Not missing a beat, Jan takes a step to the assortment of olive oils. Similar to how we taste wine, he explains, there are three main characteristics when it comes to tasting oil – colour, butteriness and texture, and the finish with the degree of pepperiness. Each region and its olive oils will have its own type of characteristics, depending on the weather, land composition, and our own palates. He then offers me his standard Arbequina to taste. Slurp, swirl, aerate, feel: I commented on the buttery texture, a bit mild on the back of the tongue, but not quite enough pepper finish. Jan then chose the Koroneiki olive oil to assist me with understanding the pepperiness, which was successful: starting with a sharper and fresher taste, with more pronounced grassiness, it then finished with a prominent peppery bang!
Now this is where it appeared Jan was having a genuine blast.
Each regular and infused olive oil could be paired with any of the balsamic vinegars to make a custom flavour. I let him know that I was looking for something to update my standard spring mix salad lunch, and he brought out my first pairing winner – an infused Persian Lime olive oil with a Pomegranate balsamic vinegar.
The pairings didn’t stop after that. He enthusiastically darted all over the store with newly poured plastic cups, filled with Pistachio with Lemon, Pear with Oregano, Orange with Chocolate, and several others. Each one had a varying degree of success with me, but he was open and receptive to each of my candid, uneducated opinions.
He insisted I sample the spicy olive oils. He prepared two cups – one with a Citrus Habanero olive oil and Chocolate balsamic vinegar pairing, and a white balsamic vinegar, used to clean the palate. The Citrus Habanero olive oil reminded me of Silver Sage Winery’s “The Flame” wine, but the chocolate added a smooth component that really made it shine. This was another wonderful combination, perfect for my sister’s upcoming birthday!
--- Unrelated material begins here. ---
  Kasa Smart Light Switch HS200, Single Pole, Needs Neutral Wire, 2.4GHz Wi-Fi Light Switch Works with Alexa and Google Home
I overheard another customer express her delight when she heard about the Mango olive oil as an accompaniment to vanilla ice cream. Or the baked salmon with a White Honey Ginger balsamic vinegar glaze. It was difficult to keep track of them all! Who knew that olive oil and balsamic vinegar tastings would have so many combinations and possibilities?
By the end of my 45 minute impromptu tasting experience, I had tried at least 25 different olive oil and balsamic vinegar pairings, and I didn’t even feel like I scratched the surface. I had to carefully choose the number of bottles I took home, and I ended up with the Persian Lime olive oil, the Black Truffle Garlic olive oil, the Pomegranate balsamic vinegar and Espresso balsamic vinegar (in addition to the Citrus Habanero olive oil and Chocolate balsamic vinegar for my sister).
I did leave the Pistachio and Lemon behind, but that would have to do for now. After all said and done, it felt like the first experience I had with wine tasting – eye-opening and delicious. I look forward to my next visit back to OliV Tasting Room.
OliV Tasting Room
100-1130 Kensington Road N.W.
Post-notes: I returned to OliV Tasting Room to confirm the accuracy of my facts. The owner, Isabeau, kindly filled me in and added a few more details:
- The balsamic vinegars are made from fermented Trebbiano grapes.
- A mixture of mostly green olives, with black olives and some in between green-and-black olives, are combined for a specific flavour and oil extraction. Similar to how arabica and robusta beans are used to make an espresso blend!
- First press olive oil implies that this batch of oil came from the first, initial squeeze of the olives. Any subsequent presses involves further chemical extraction, which do not yield as high quality of olive oil.
- While the olive oils have a two year shelf life, Isabel recommended that the olive oils be consumed within a year, as the flavour dissipates after that point.